= Altrincham Garrick =

English theatre company

The Altrincham Garrick Society was established in 1914 and presents theatrical entertainment of all kinds (including Drama, Comedy, Musicals and Pantomime) in its own theatre building (the Altrincham Garrick Playhouse) in Altrincham, Greater Manchester, England. The main auditorium seats 401 and is in use normally from the end of August to the following July.

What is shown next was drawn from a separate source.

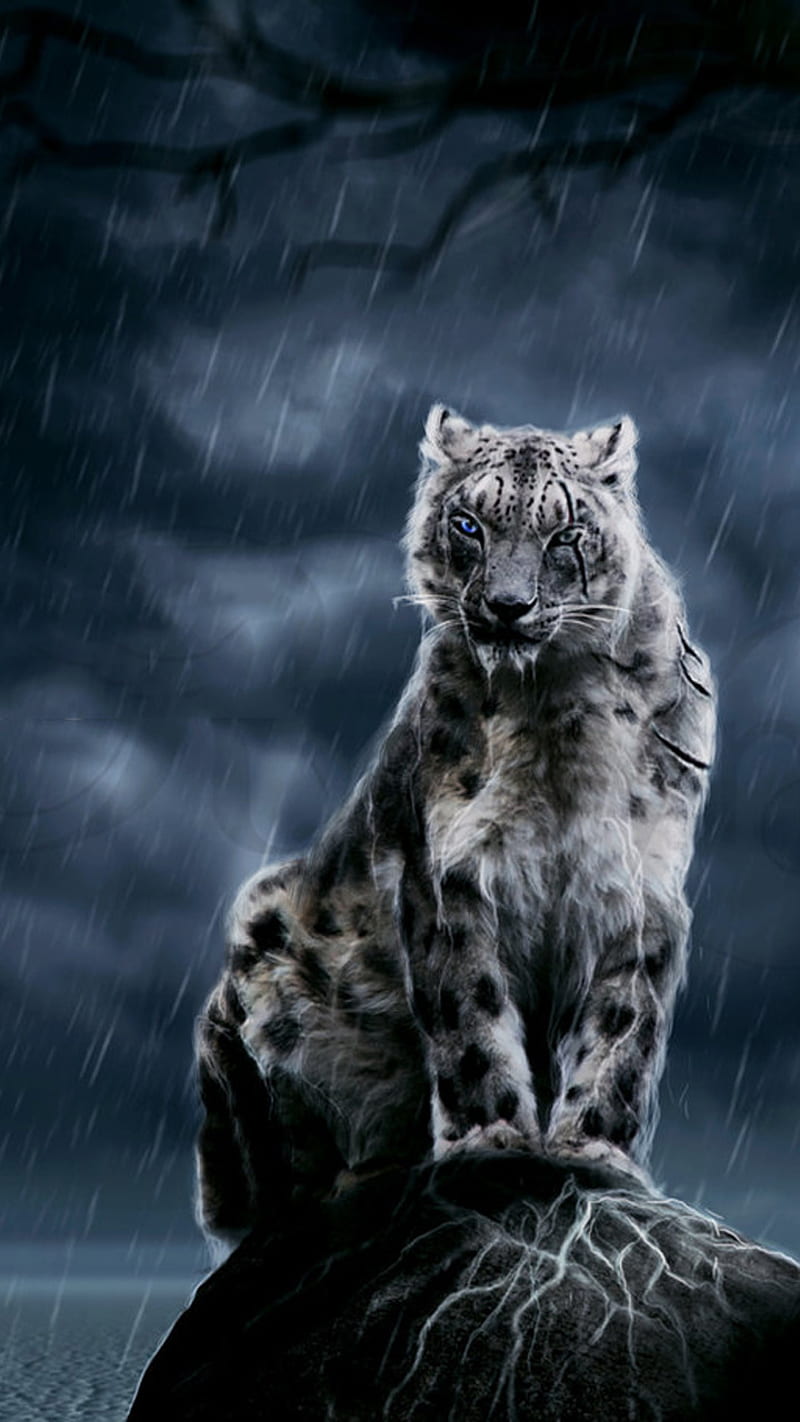 Pantera bajo la lluvia, salvaje, animal, noche, oscuro, cielo, Fondo de  pantalla de teléfono HD | Peakpx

The society typically produces 12 or 13 mainstage productions per year, as well as 4 or 5 studio productions - these are all amateur productions run to professional standards.

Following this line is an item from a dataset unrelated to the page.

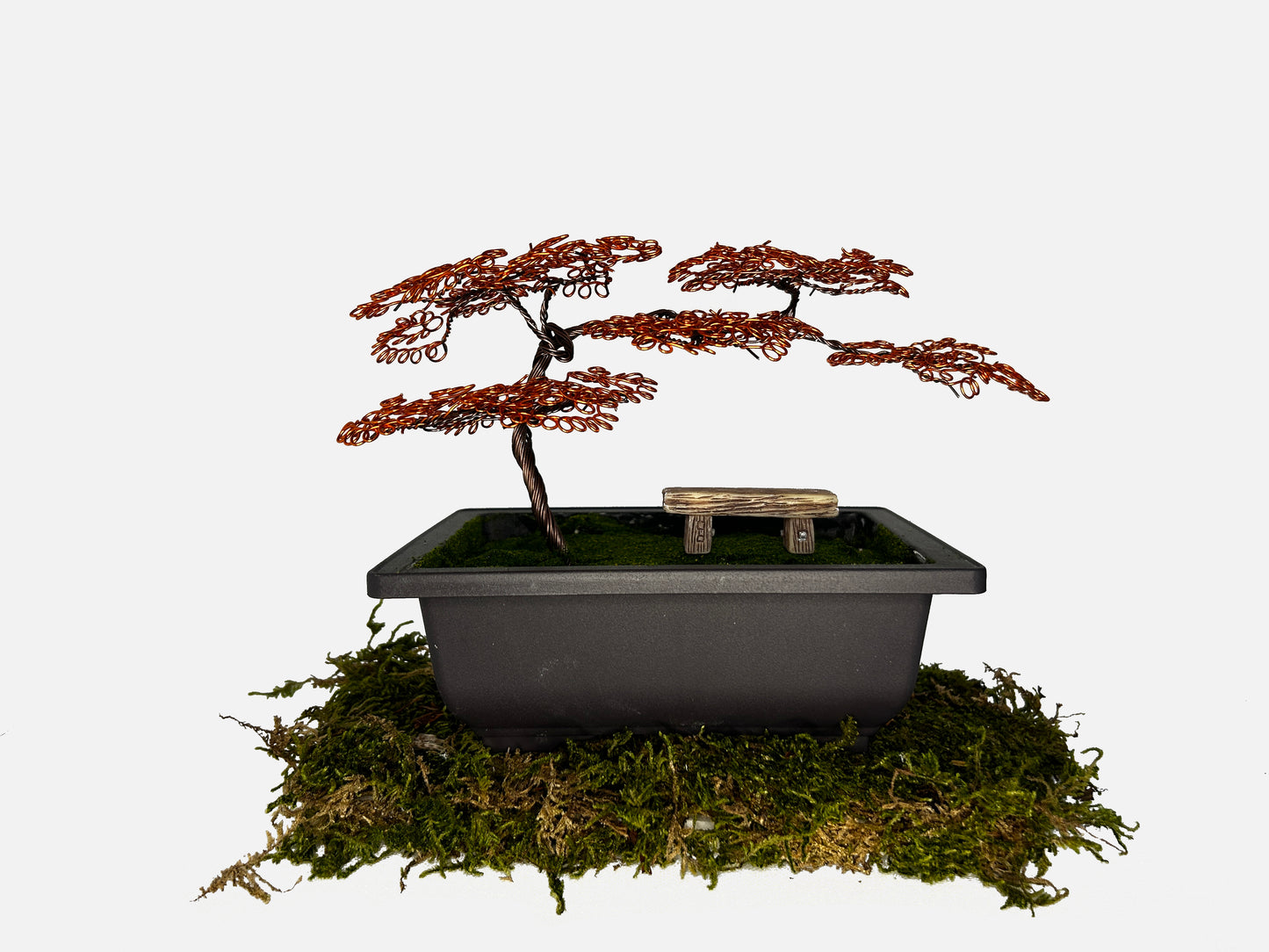 Canopy Bonsai With Bench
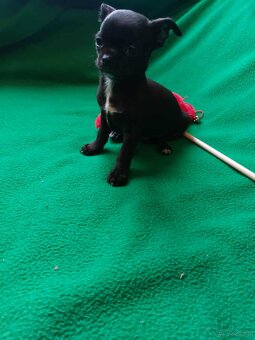 Śliczne suczki CHIHUAHUA - 4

The theatre also hosts productions from local visiting societies and schools, as well as 30 or more one-night shows per year from individual professionals and other production companies.

==The Playhouse==

Built in 1931, and most recently refurbished in 1999, the playhouse consists of two performance spaces.

- The Main Auditorium, seating 401, is the main theatre auditorium. The society's core week-long performances are staged here, as well as the annual pantomime, plus a very wide range of outside productions (such as live music, comedy, dance and more). The Garrick's in-house school for art, known as the Garrick Academy of Performing Arts (GAPA), also stages productions here. This auditorium is well equipped with state-of-the-art lighting and sound equipment.
- The Lauriston Studio, seating 49, is an intimate and stimulating theatre space that complements the main auditorium. It is a fully integral part of the Altrincham Garrick Playhouse, staging typically up to 5 performances a year, plus other theatrical offerings from outside the Garrick.

The building has a 100-space free car park, a spacious lobby and a well-stocked theatre bar.

The building is staffed in the main by volunteers, and run by the artistic director and the operations director. There are also a small number of employees in specific areas which need to be staffed during the day – such as the box office, cleaning and workshop.